• **Source data**:

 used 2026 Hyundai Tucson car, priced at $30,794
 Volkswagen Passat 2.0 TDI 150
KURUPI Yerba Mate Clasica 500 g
...
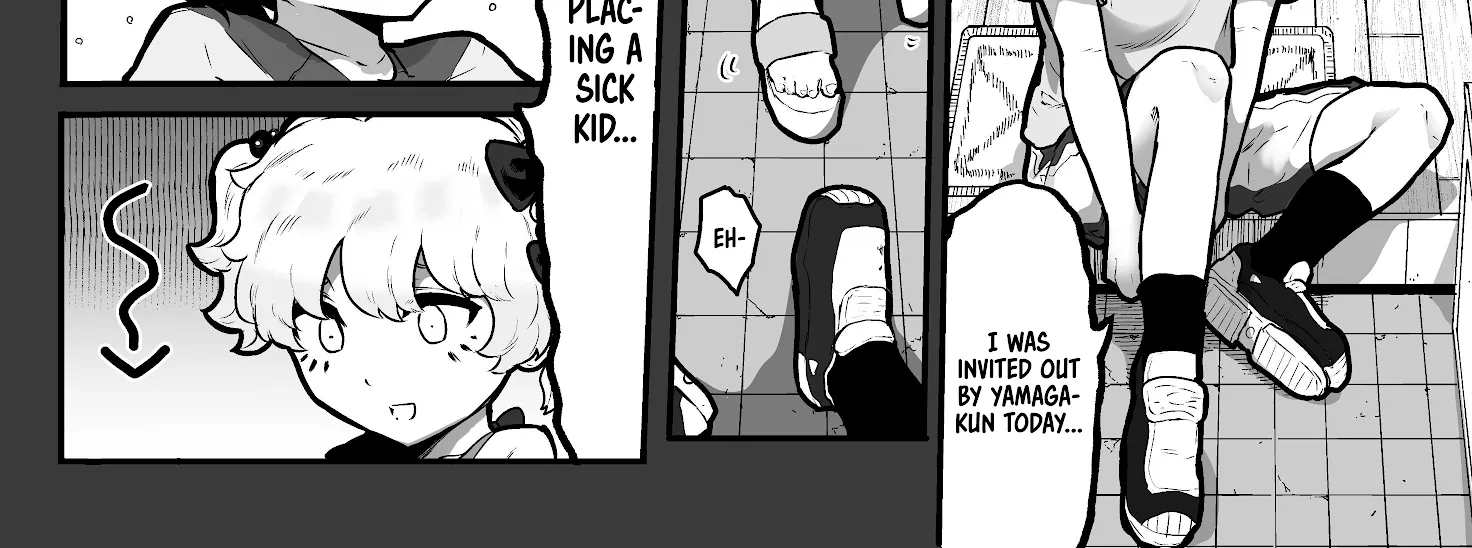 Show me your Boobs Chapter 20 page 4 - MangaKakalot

• **What you should do**: Begin with the line above that has "used 2026 Hyundai" and continue through the line that has "KURUPI Yerba Mate Clasica 500 g", setting each one down exactly. Stop there.

• **Output of the exercise**:
 used 2026 Hyundai Tucson car, priced at $30,794
 Volkswagen Passat 2.0 TDI 150
KURUPI Yerba Mate Clasica 500 g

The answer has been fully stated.